Search code examples
pythonpandasdataframedictionaryseries

Replacing keys in a dict with its corresponding indices using python


I have a list and dict like as shown below

col_indices = [df.columns.tolist().index(col) for col in cat_cols]
print(col_indices)  #returns [1,5] 

 t = {'thisdict':{
          "Ford":"brand",
          "Mustang":"model",
          1964:"year"
        },
        'thatdict':{
          "jfsak":"af",
          "jhas":"asjf"}}

Basically, I would like to replace dict keys with their corresponding column indices.

For ex: column index 1 belongs to thisdict and column index 5 belongs to thatdict.

I was trying something like below but doesn't work.

key_map_dict = {'1':'thisdict','5':'thatdict'}
d = {(key_map_dict[k] if k in key_map_dict else k):v  for (k,v) in t.items() }

Instead of me manually defining key_map_dict. Is there anyway to find the matching column names and get the index position and do the replacement in dicts automatically? I cannot do this for big data frame of million rows and 200 columns.

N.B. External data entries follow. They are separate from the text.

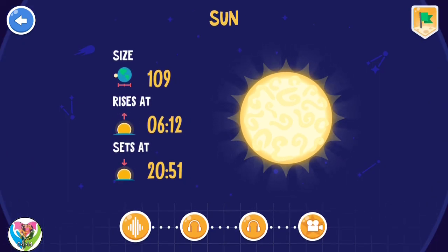Sun. It takes sunlight an average of 8 minutes to reach the Earth. The Sun is one of the 100 billion stars of our Milky Way galaxy. In 8 billion years, the Sun will bloat up to 256 times its current size and it will expand to consume the Earth's orbit.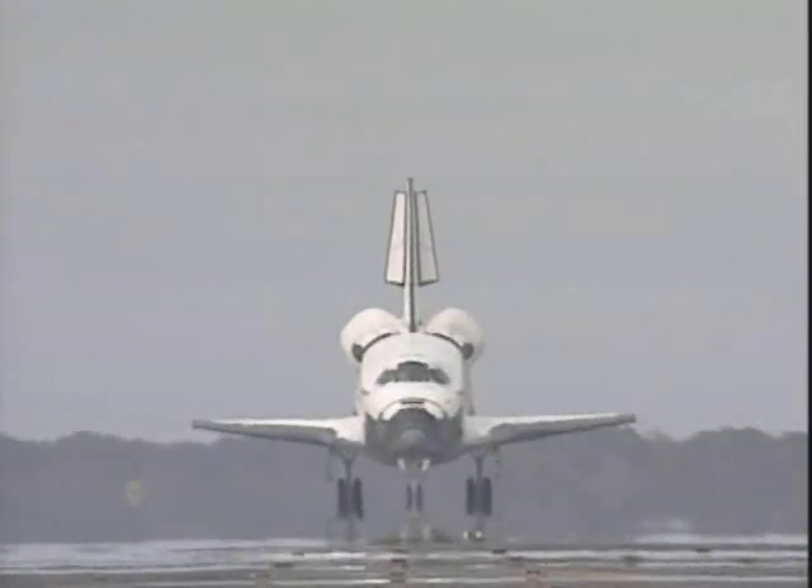Nice job on the approach and landing there, Dom. To you and your crew, we have no post-landing deltas. We'll meet you on page 5-3. Vegas, we're going to 5-3. We're going to 6-3. We're going to 5-3.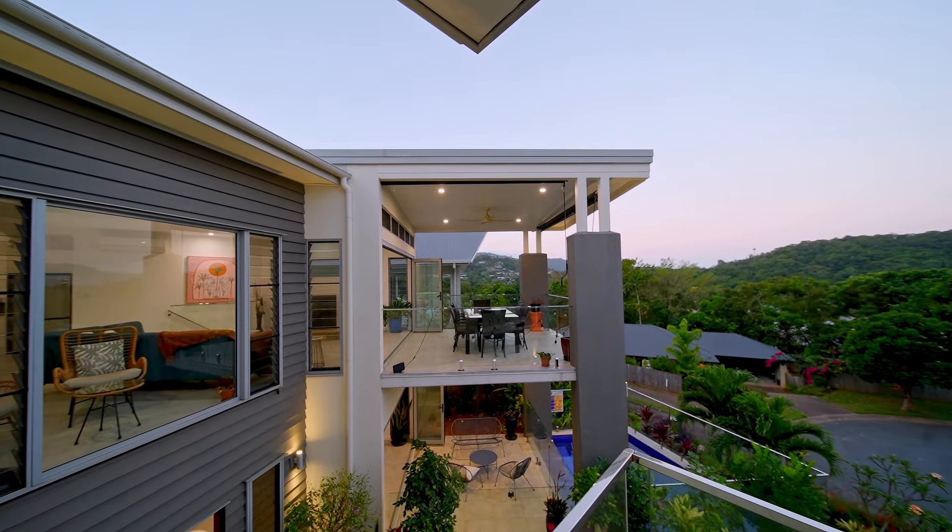It's spread over two levels with five bedrooms, three bathrooms, a double lock-up garage, multiple internal living areas, two outdoor entertaining areas and loads of glass taking in the stunning views.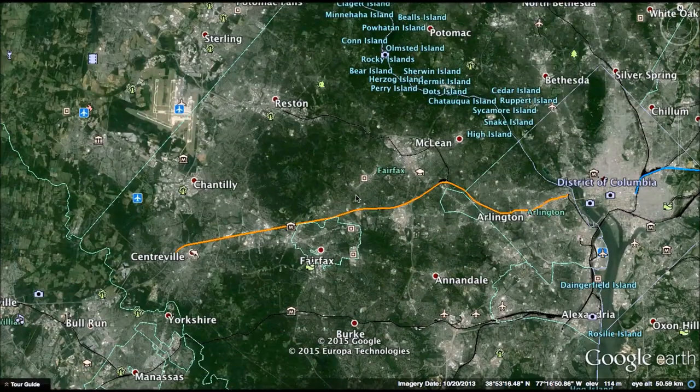Hey guys! I'm back with some transportation. In this video, I've planned and drawn the route of an extension to the Washington Metro's Orange Line.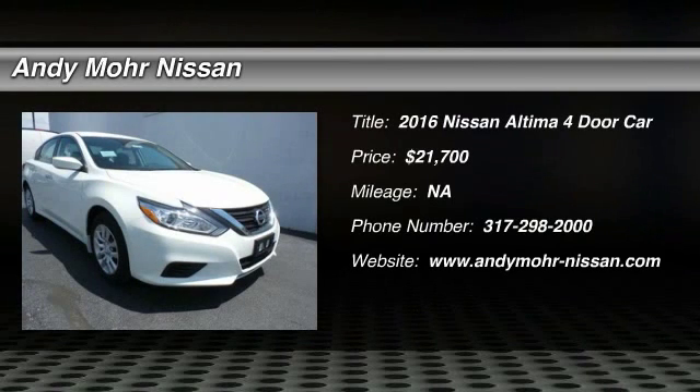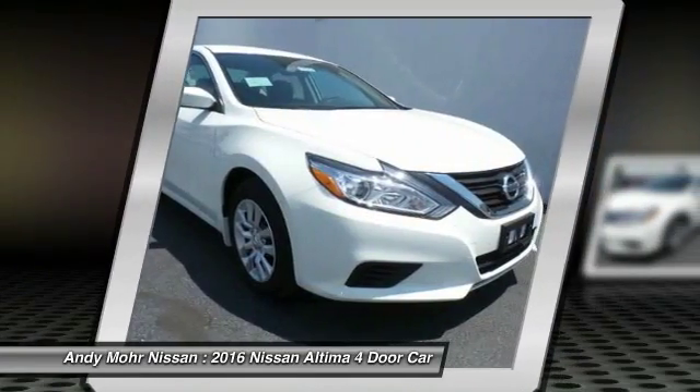2016 Altima. The Nissan Altima offers advanced features to make life easier, including push-button ignition, which comes standard.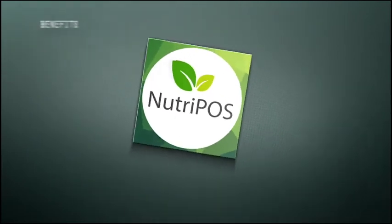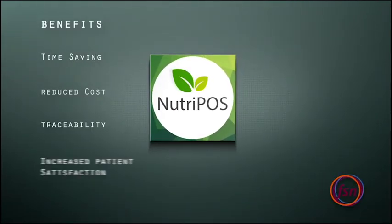NutriPass, an FSN innovation making a difference in the healthcare industry.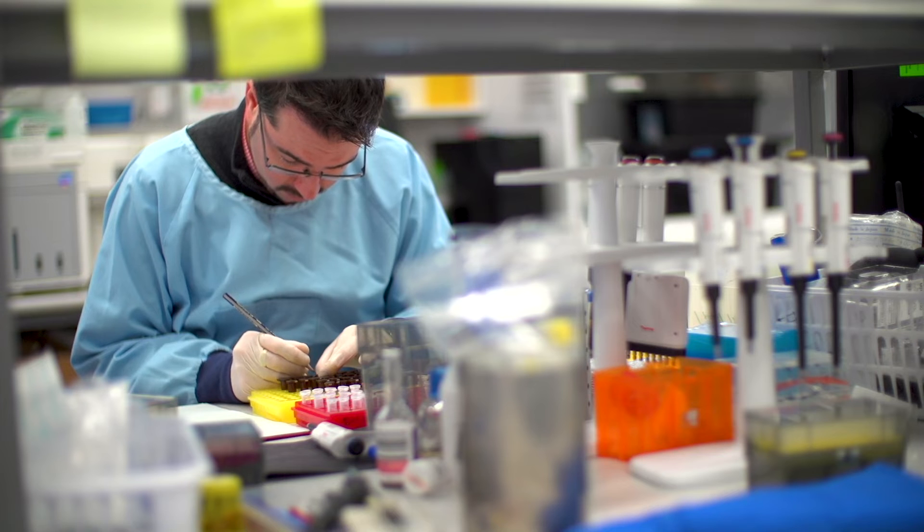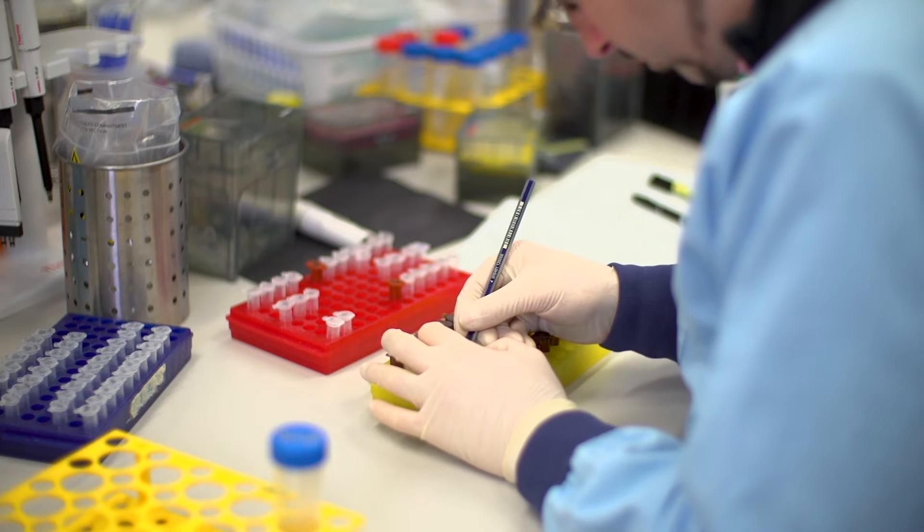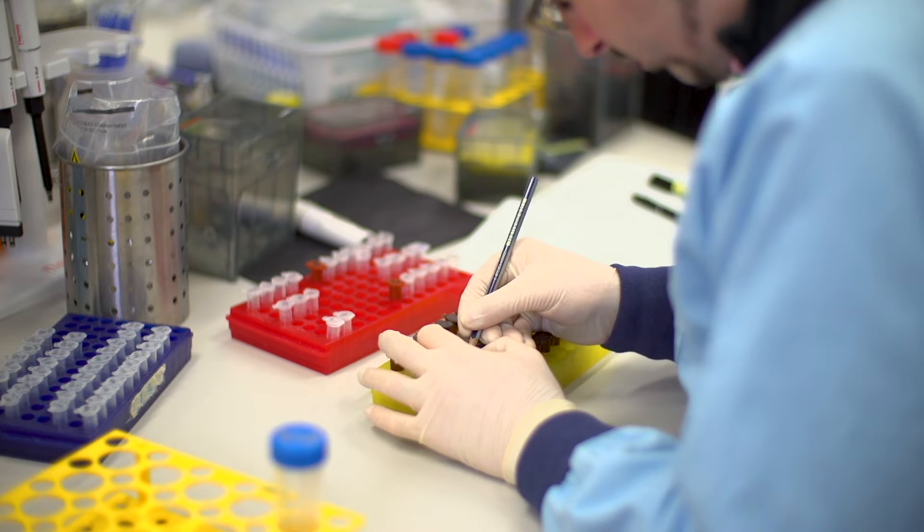Invasive infections require blood culture processing, but it may be anywhere between two to three days after collection before susceptibility results become known. Most importantly, this saves us at least 24 hours — but more like two days.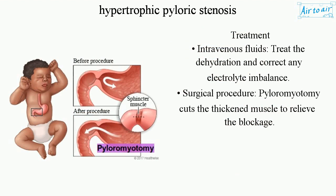Treatment includes intravenous fluids to address dehydration and correct any electrolyte imbalance. The primary surgical procedure is pyloromyotomy, which cuts the thickened muscle to relieve the blockage.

I expect my output to be like as shown below

           {1:{
              "Ford":"brand",
              "Mustang":"model",
              1964:"year"
            },
            5:{
              "jfsak":"af",
              "jhas":"asjf"}}

Solution

  • To replace the keys in your dictionary t with their column index in the DataFrame you can lookup the index of the corresponding column in the DataFrame and assign it to a value in t like this:

    import pandas
    # Provided t
    t = {'thisdict': {
        "Ford": "brand",
        "Mustang": "model",
        1964: "year"
    },
        'thatdict': {
        "jfsak": "af",
        "jhas": "asjf"}
    }
    
    # Assumed df looks something like this
    dct = {'thisdict': ['abc'],
           'thatdict': ['def']}
    df = pandas.DataFrame(dct)
    
    output = {df.columns.get_loc(name): dct for name, dct in t.items()}
    print(output)
    

    Output:

    {0: {'Ford': 'brand', 'Mustang': 'model', 1964: 'year'}, 1: {'jfsak': 'af', 'jhas': 'asjf'}}
    

    Note: This relies on all the keys in t existing in your DataFrame, but it would be relatively trivial to add checks if t is not one-to-one with the DataFrame.